I have parquet
data which when read (TIMESTAMP
column) using spark works perfectly fine. Below are the sample records:
scala> data.select($"BATCH_LOAD_DATE").limit(5).show()
+-------------------+
| BATCH_LOAD_DATE|
+-------------------+
|2020-02-21 07:35:27|
|2020-02-21 07:35:27|
|2020-02-21 07:35:27|
|2020-02-21 07:35:27|
|2020-02-21 07:35:27|
+-------------------+
I checked the schema and it shows TIMESTAMP
as the data type for one of the columns which is correct. So, no issue with schema either. However, when I am trying to read the same TIMESTAMP
column via Hive, it throws below exception
Error: java.io.IOException: org.apache.hadoop.hive.ql.metadata.HiveException: java.lang.ClassCastException: org.apache.hadoop.io.LongWritable cannot be cast to org.apache.hadoop.hive.serde2.io.TimestampWritableV2 (state=,code=0)

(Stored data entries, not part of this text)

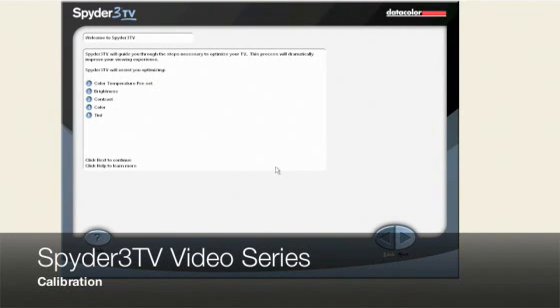Welcome to this Spyder 3 TV video series on calibration. In this session, I am going to show you how to do a full Spyder 3 TV calibration. For demonstration purposes today, I will be calibrating a Pioneer Pro 940 HD plasma display. I will be using a Pioneer BDP HD1 Blu-ray player to display the Spyder 3 TV test patterns.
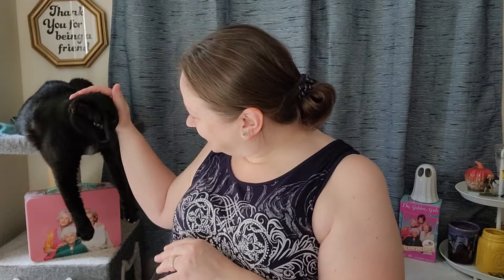Hi honeys, it's Michelle and Zelda. We are here to do the second part of the Dollar Tree haul. And I've got just a couple things — a couple candles at the end of the video that I found at Hobby Lobby that I wanted to tell you about. So be sure to stick around.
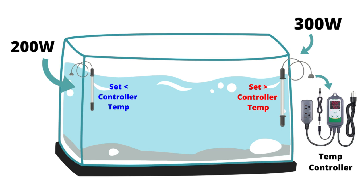The temperature controller is going to be your master temp sensor. When the water temperature drops below the setting on the temperature controller, it's going to trigger the main 300-watt heater to turn on. Once this heater raises the temperature to the desired temp, the master controller will shut it off. That's how this works under normal operation.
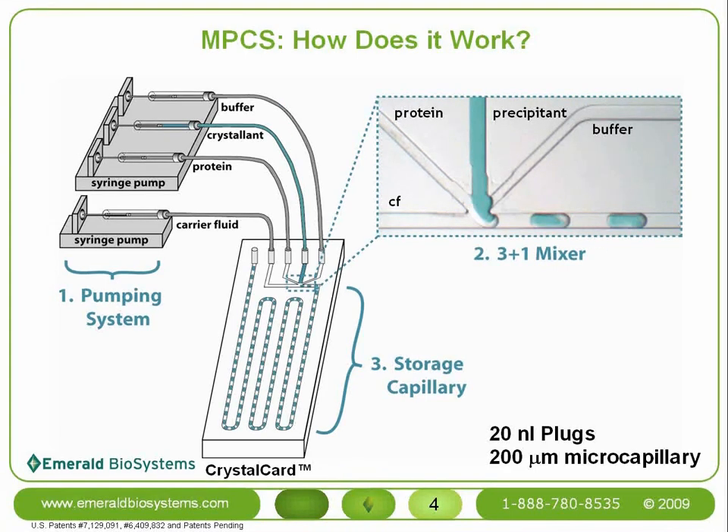Upon starting the flow in a primed crystal card, 20 nL-sized aqueous droplets, which we call plugs, begin to form in the microcapillary. Plug composition is controlled by controlling the flow rates of the fluids entering the crystal card. The plugs continue to form until the third basic component of the MPCS, the storage capillary, is completely filled. Here we see a primed and ready crystal card.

I can see from this link that it is an open issue in Hive. Not sure whether it is resolved yet or not. Is there any workaround for this? Something which can be done while loading data or some transformation once loaded?
I figured out an alternative to my own problem. I changed the column type of TIMESTAMP
column to STRING
and while fetching data I used from_unixtime
method to cast that particular column to the intended date format and was able to fetch it.
But, the problem over here was if my date value is 2020-02-27 15:40:22
and when I fetched the data of this column via Hive it was returning EpochSeconds
i.e 15340232000000
.
So, I solved this problem in Hive via below query:
select *, from_unixtime(cast(SOURCE_LOAD_DATE as BIGINT) DIV 1000000) as SOURCE_LOAD_DATE from table_name;
Using the above query I was able to get the proper date with timestamp value.
Note: You will need to cast every column which has timestamp data.
This is the only trick which I could think of. I hope this might help you or others!